• EXERCISE INPUTS:
--------------------

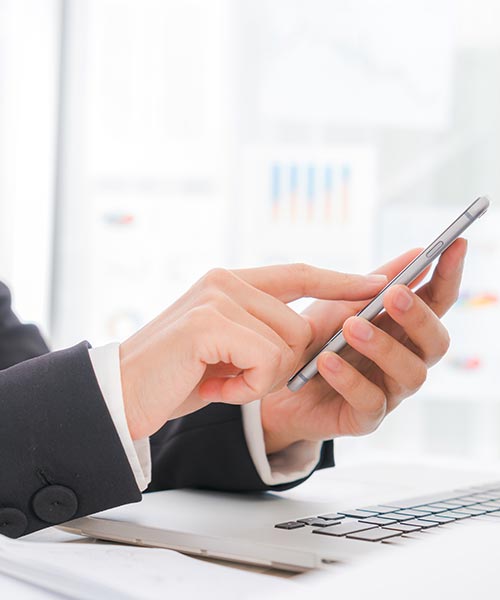 Businessperson using a smartphone in a modern office with charts in the background.
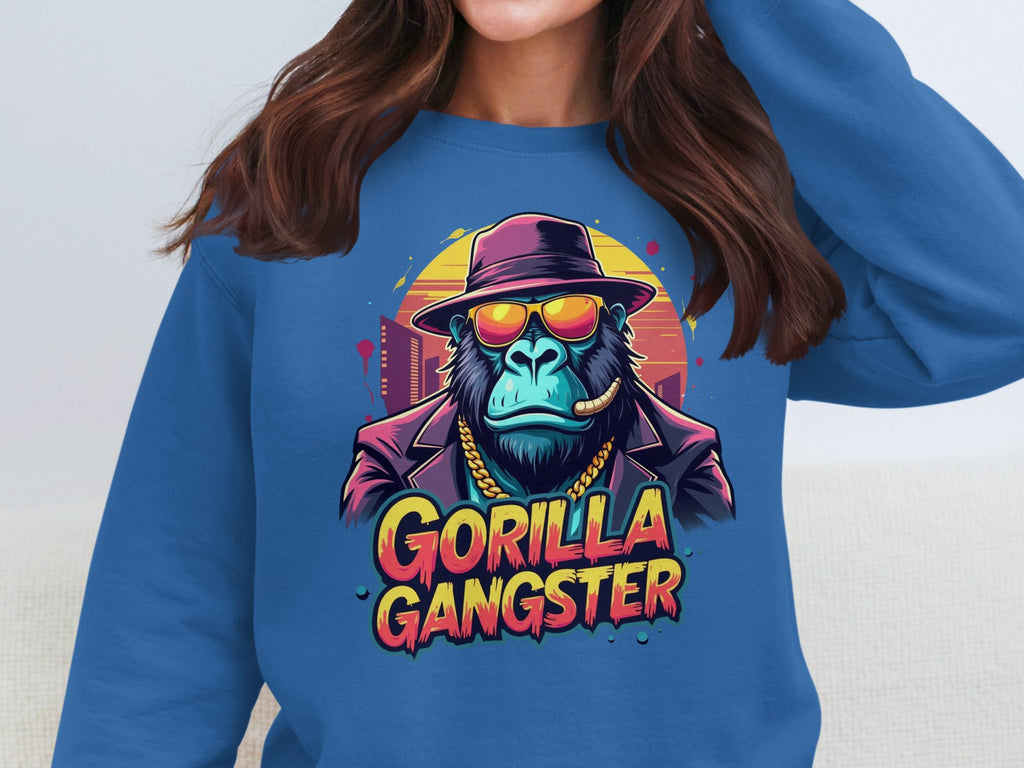 A woman wears a Garment Graphics blue sweatshirt with urban flair, featuring a gorilla dressed as a gangster—complete with hat, sunglasses, chain, and cigar. Bold Gorilla Gangster text is displayed below.
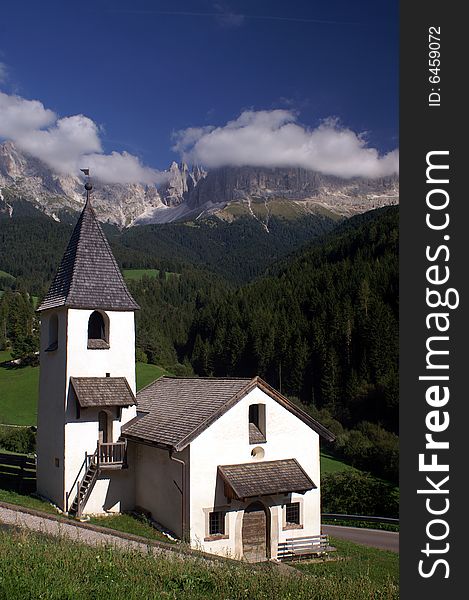 White church in a valley in the Dolomites, Italy. White church in a valley in the Dolomites, Italy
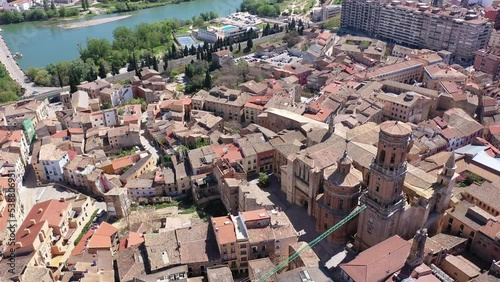 Scenic aerial view of medieval Roman Catholic Cathedral of Saint Mary surrounded by residential buildings with terracotta tiled roofs in historical center of Tudela on sunny spring day, Spain. High photo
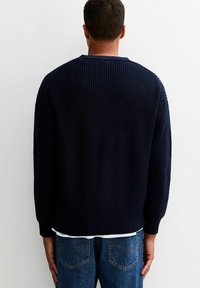 Marinblå stickad tröja med ribbat mönster och rundad halsringning, med nedhasade axlar och en lätt cropped nederkant, bärs över en vit skjorta.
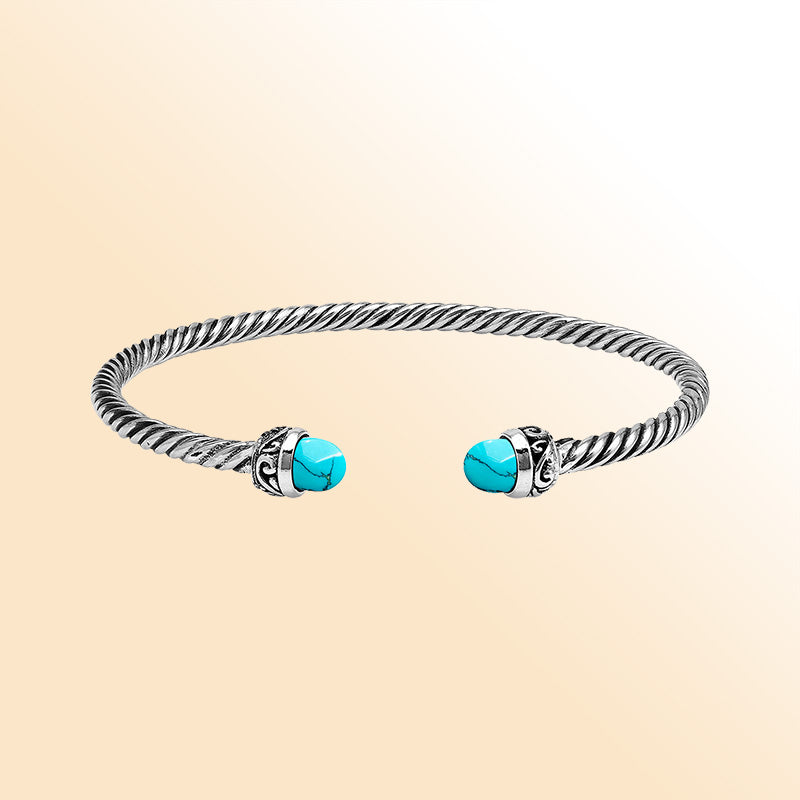 Handcrafted Sterling Silver Twisted Cable Bangle With Turquoise Shell and Oxidized Balinese Carvings.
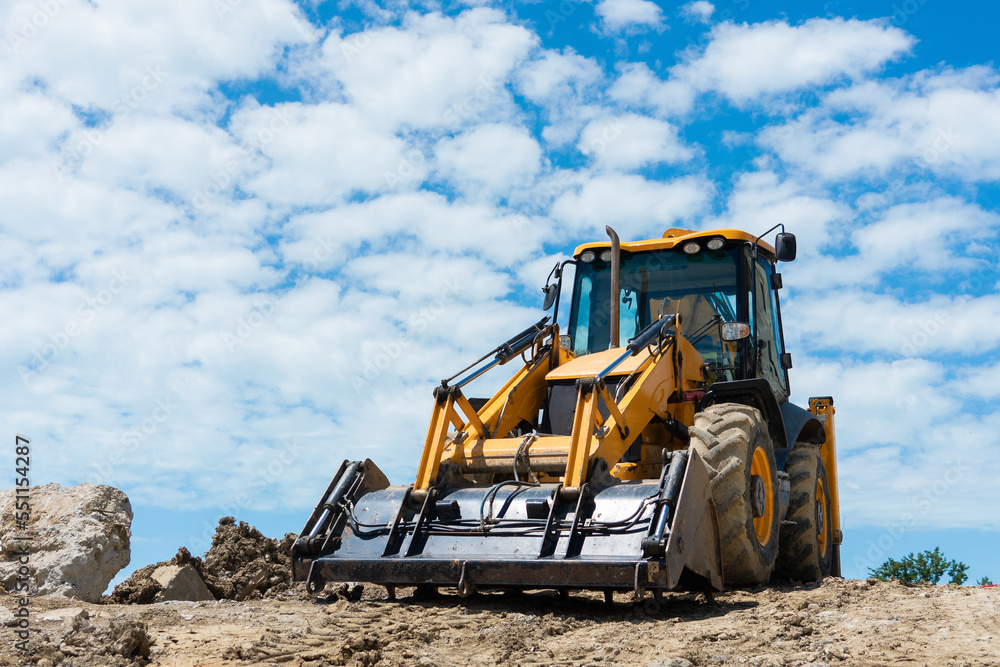 Big yellow excavator. Excavator on the background of the sky with clouds. Excavator at the construction site. Big yellow excavator. Excavator on the background of the sky with clouds. Excavator at the construction site.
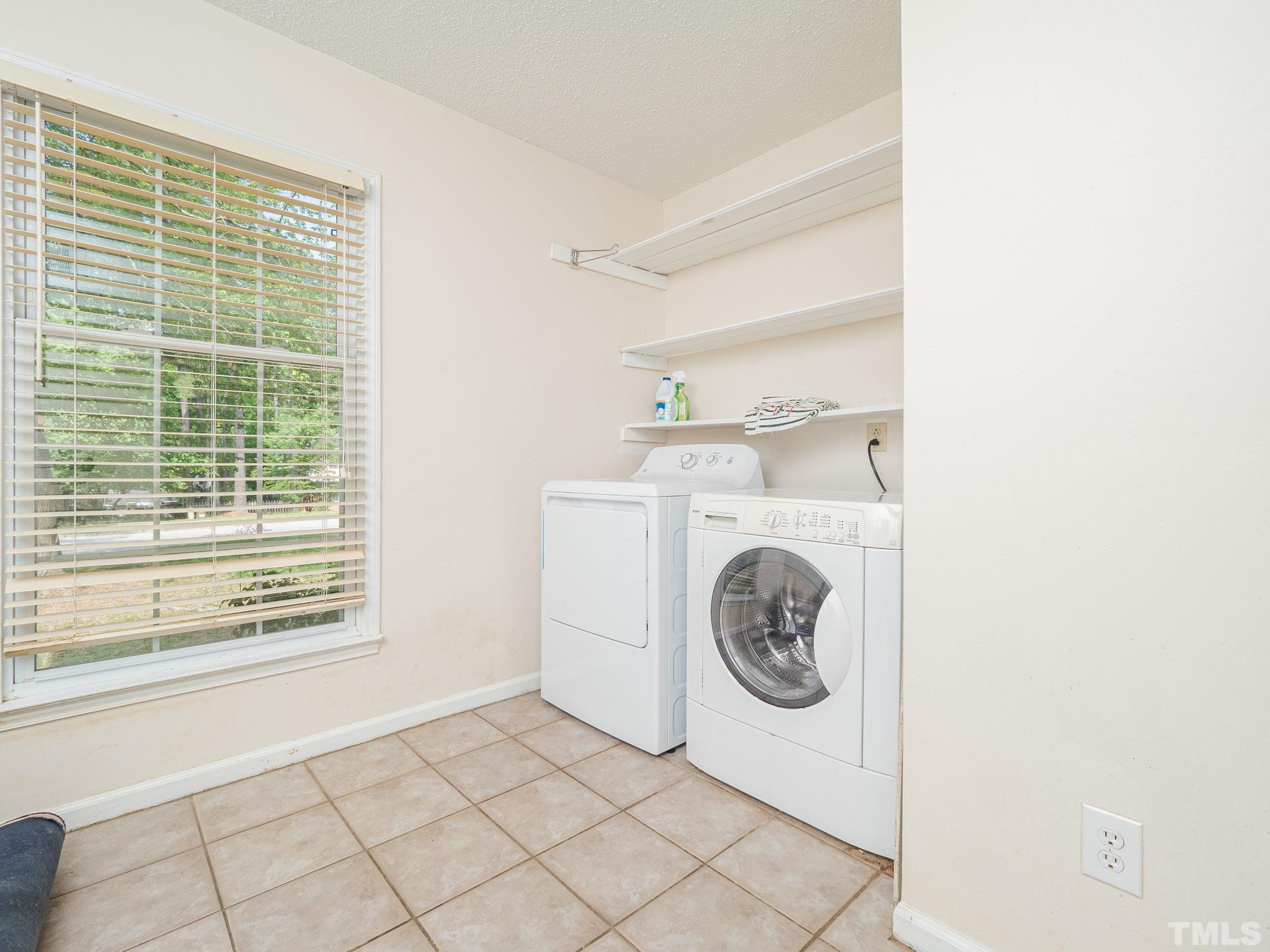 4504 Waterbury Road Raleigh, NC 27604 - Photo 30 of 38 a utility room with dryer and washer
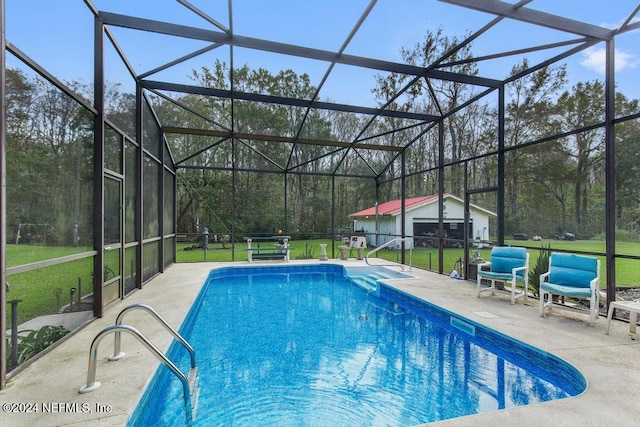 view of pool with a lawn, glass enclosure, and a patio area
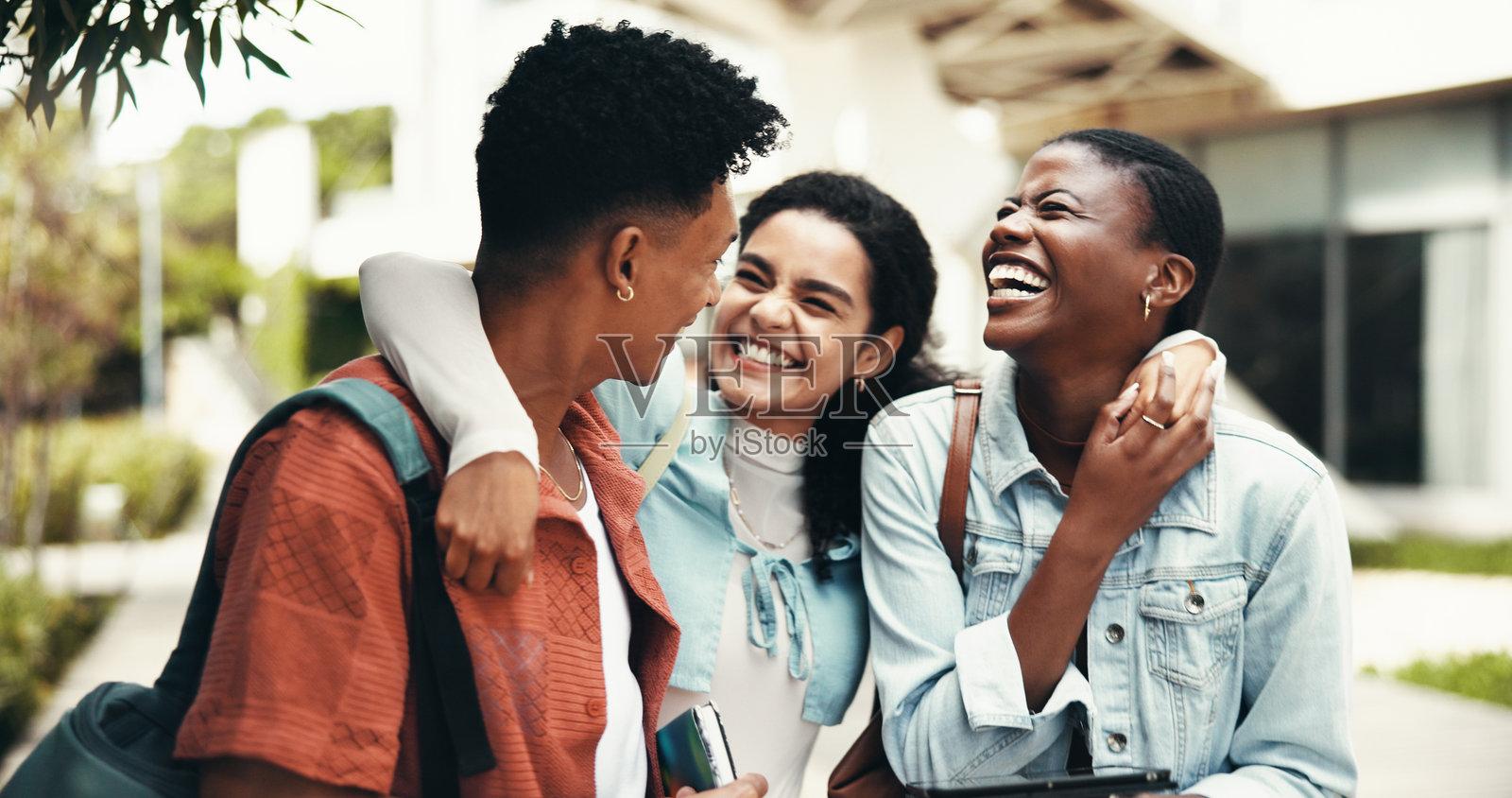 大学生们在校园里一起欢笑，分享有趣的笑话、漫画故事和增进友谊。教育、人与幽默在大学学习间隙中，奖学金和学习支持的户外活动。照片摄影图片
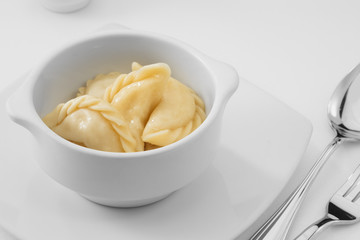 close up view of plate with dumplings  on white background.
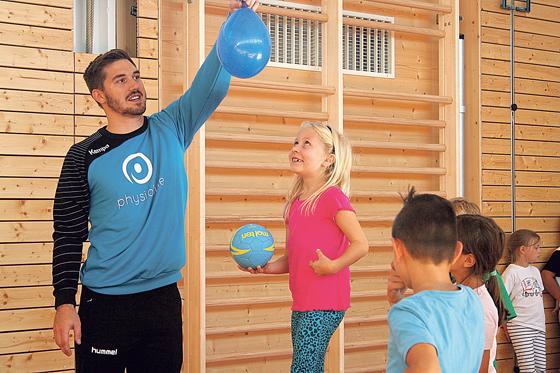 Felix Apelt, Handballtrainer und Abteilungs- leiter beim TSV Ottobrunn, übte mit den Schülern das Balancieren von Luftballons auf Bällen.	Foto: privat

--------------------

• WORK INSTRUCTIONS: Everything in the data must be printed verbatim except the pictures.

• FINISHED EXERCISE:
 Businessperson using a smartphone in a modern office with charts in the background.
 A woman wears a Garment Graphics blue sweatshirt with urban flair, featuring a gorilla dressed as a gangster—complete with hat, sunglasses, chain, and cigar. Bold Gorilla Gangster text is displayed below.
 White church in a valley in the Dolomites, Italy. White church in a valley in the Dolomites, Italy
 Scenic aerial view of medieval Roman Catholic Cathedral of Saint Mary surrounded by residential buildings with terracotta tiled roofs in historical center of Tudela on sunny spring day, Spain. High photo
 Marinblå stickad tröja med ribbat mönster och rundad halsringning, med nedhasade axlar och en lätt cropped nederkant, bärs över en vit skjorta.
 Handcrafted Sterling Silver Twisted Cable Bangle With Turquoise Shell and Oxidized Balinese Carvings.
 Big yellow excavator. Excavator on the background of the sky with clouds. Excavator at the construction site. Big yellow excavator. Excavator on the background of the sky with clouds. Excavator at the construction site.
 4504 Waterbury Road Raleigh, NC 27604 - Photo 30 of 38 a utility room with dryer and washer
 view of pool with a lawn, glass enclosure, and a patio area
 大学生们在校园里一起欢笑，分享有趣的笑话、漫画故事和增进友谊。教育、人与幽默在大学学习间隙中，奖学金和学习支持的户外活动。照片摄影图片
 close up view of plate with dumplings  on white background.
 Felix Apelt, Handballtrainer und Abteilungs- leiter beim TSV Ottobrunn, übte mit den Schülern das Balancieren von Luftballons auf Bällen.	Foto: privat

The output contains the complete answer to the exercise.